Portrait of Virginia Woolf, British author and feminist

The nonlinear narrative unfolds primarily through the perspectives of three women across three different decades, with each woman somehow impacted by the classic novel Mrs. Dalloway.

In 1923 Richmond, outside London, author Virginia Woolf writes Mrs. Dalloway and struggles with her mental illness. In 1949 Los Angeles, Laura Brown is reading Mrs. Dalloway while planning a birthday party for her husband, a World War II veteran. In 1999 New York City, Clarissa Vaughan plans a party to celebrate a major literary award received by her good friend and former lover, the poet Richard, who is dying of an AIDS-related illness.

The situations of all three characters mirror situations experienced by Woolf's own Clarissa Dalloway in Mrs. Dalloway, with Clarissa Vaughan being a modern-day version of Woolf's character. Like Mrs. Dalloway, Clarissa Vaughan goes on a journey to buy flowers while reflecting on the minutiae of the day around her and later prepares to throw a party. Clarissa Dalloway and Clarissa Vaughan also both contrast their histories and past loves with their current lives, which they both perceive as trivial. Several other characters in Clarissa Vaughan's story also parallel characters in Woolf's Mrs. Dalloway.

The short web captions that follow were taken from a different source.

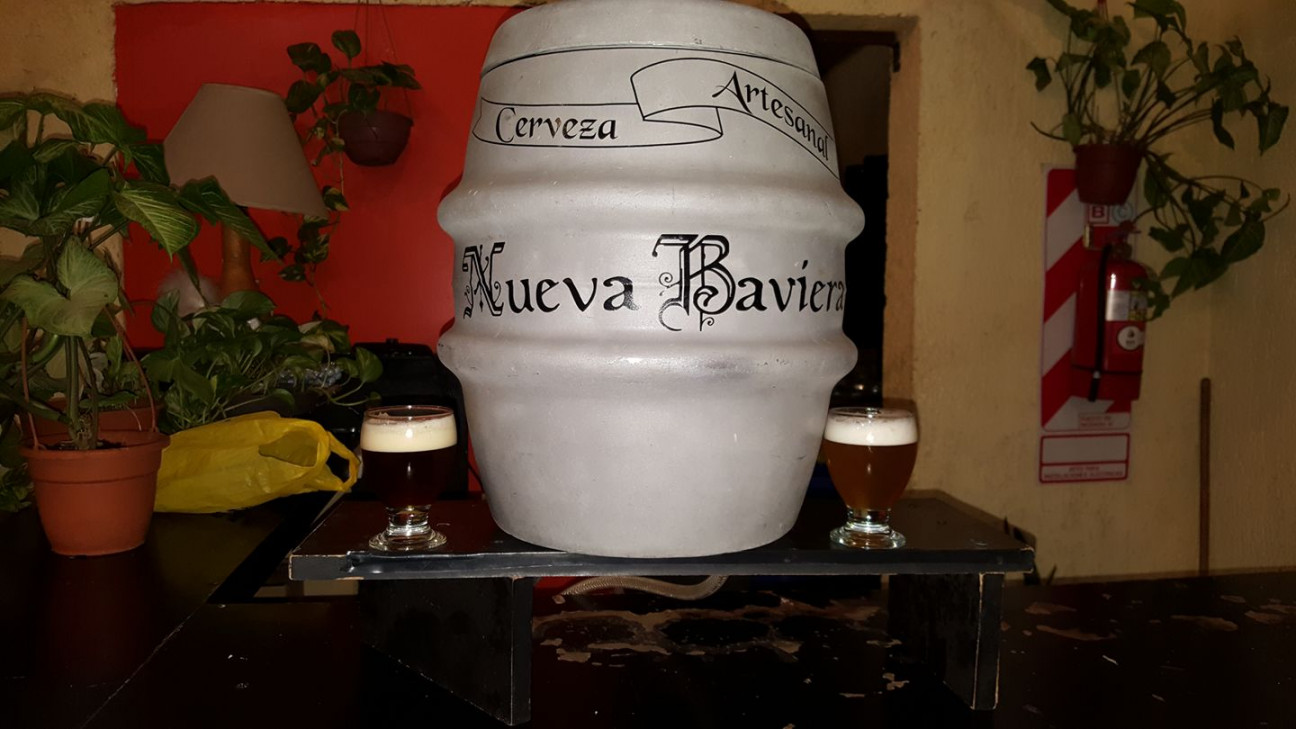 imagen En nuestro recreo cervecero te presentamos a "Nueva Baviera"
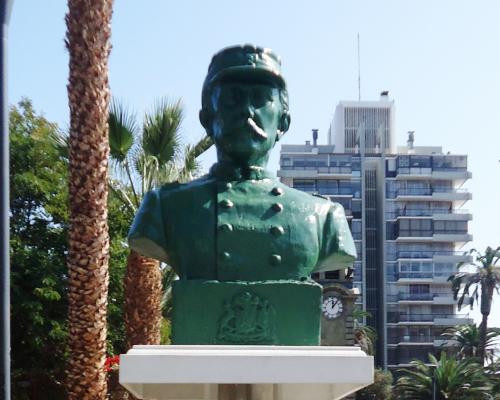 Imagen del monumento Capitán Ignacio Carrera Pinto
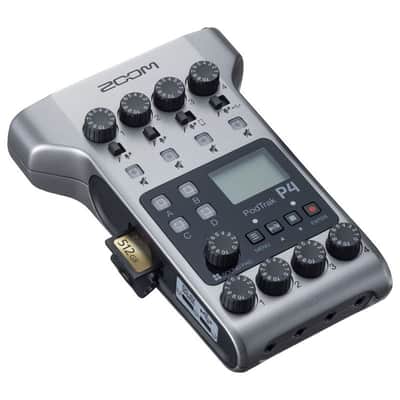 PodTrak P4 Podcast Recorder image 2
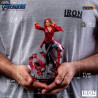 Marvel, Avengers : Endgame - Rescue or Scarlet Witch figure, BDS Art Scale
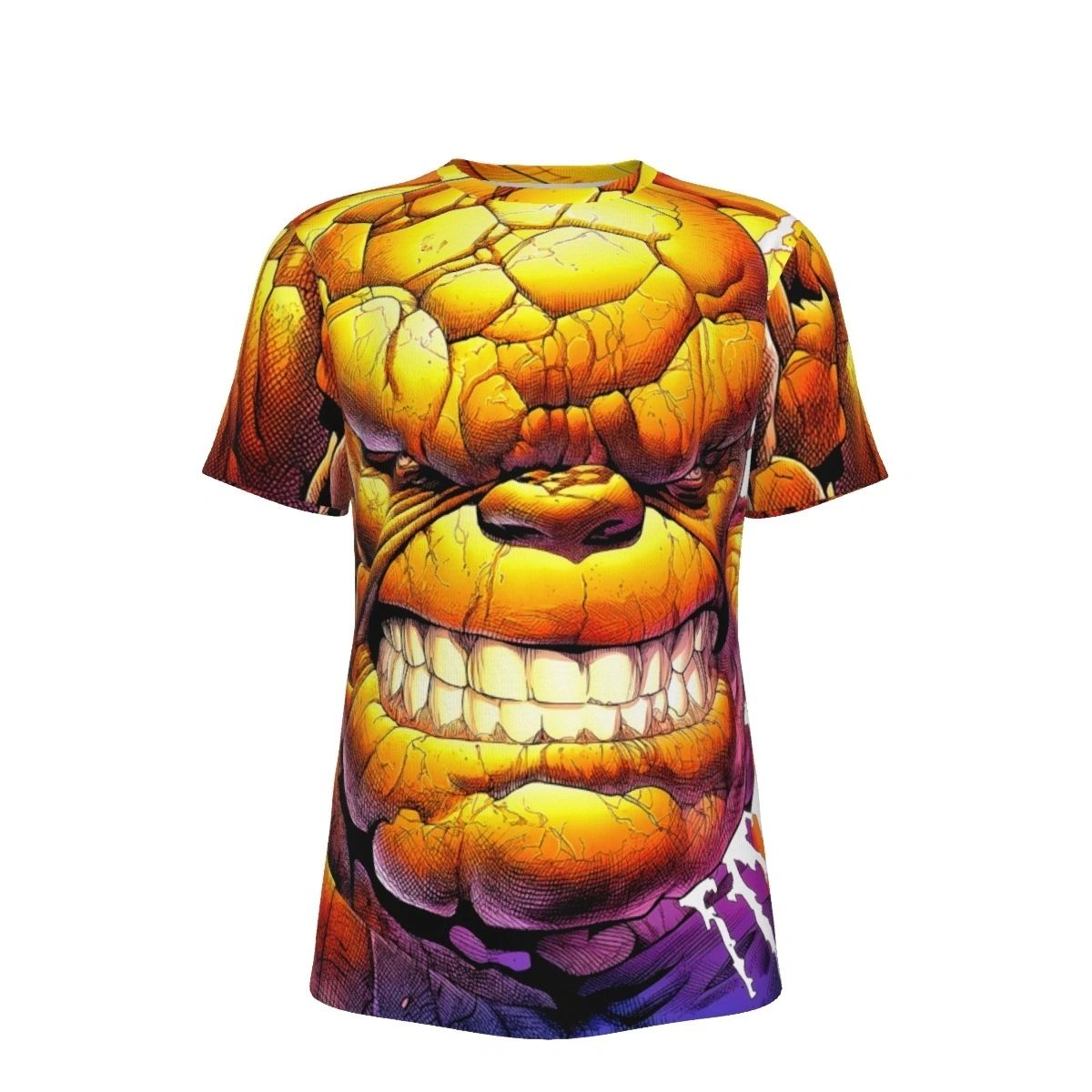 THING FACE ALL OVER PRINT SHIRT AND TANK TOP - ORIGINAL ART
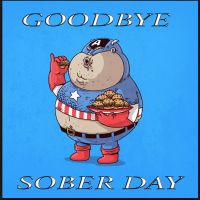 GSD - Goodbye Sober Day cover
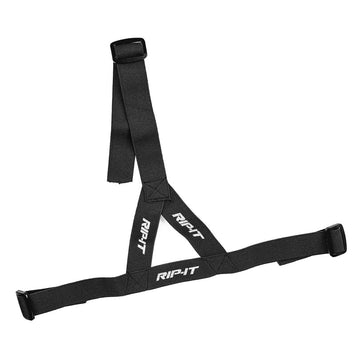 RIP-IT Defense Ponytail Strap - One Size - Black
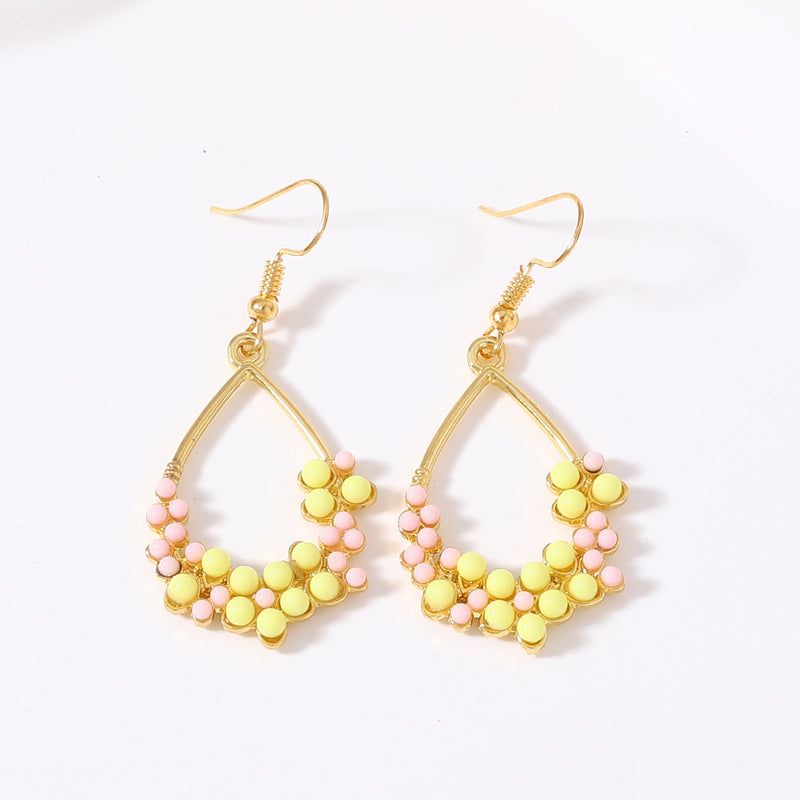 Orecchino vintage fatto a mano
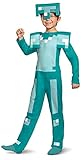 Minecraft Disguise Offizielles Kostüm Kinder Jungen Armour Kostüm...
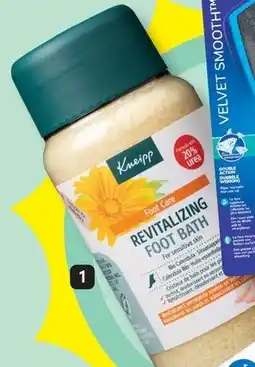 Etos Kneipp Vitzalizing voetbadkristallen aanbieding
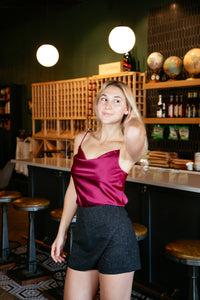 Holiday Rhinestone Cami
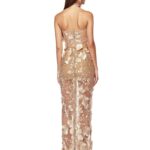 JASMIN STRAPLESS GOWN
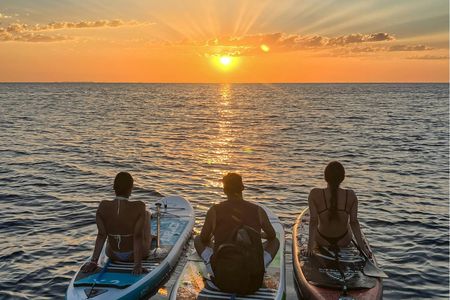 Cala Ratjada stand-up paddle sunrise tour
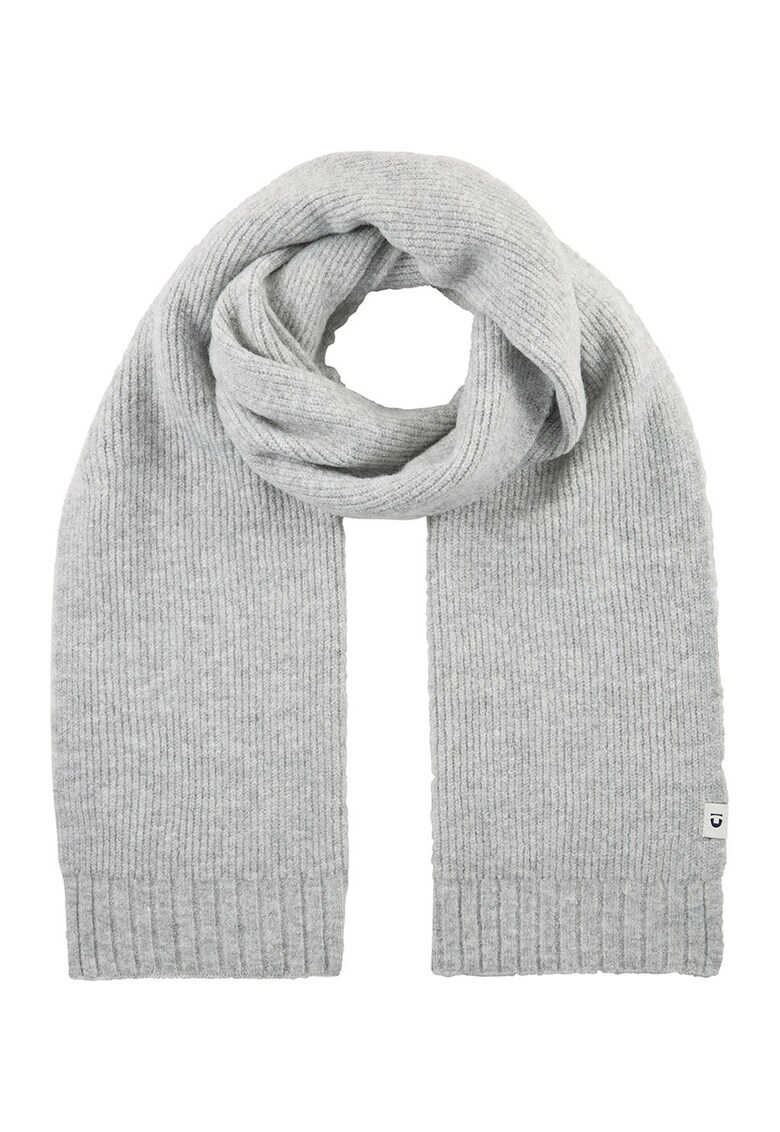 Fular uni din tricot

Cunningham's novel mirrors Mrs. Dalloway's stream-of-consciousness narrative style, which was pioneered by Woolf and James Joyce, in which the protagonists' flowing thoughts and perceptions are depicted as they would occur in real life. This means that characters interact not only with the present, but also with memories; this contextualizes personal history and backstory, which otherwise might appear quite trivial—buying flowers, baking a cake, and such things.

Similarly to Woolf's Mrs. Dalloway, Cunningham's novel places the entire story within one day: Woolf's Mrs. Dalloway is one day in the life of the central character Clarissa Dalloway, while Cunningham's novel contains one day in the life of each of the three central characters (Clarissa Vaughan, Laura Brown, and Virginia Woolf herself). Through these three women, Cunningham attempts, as did Woolf, to show the beauty and profundity of every day in a person's life and, conversely, how a person's whole life can be examined through the lens of one single day.

Cunningham took the novel's title, The Hours, from the original working title that Virginia Woolf used for Mrs. Dalloway.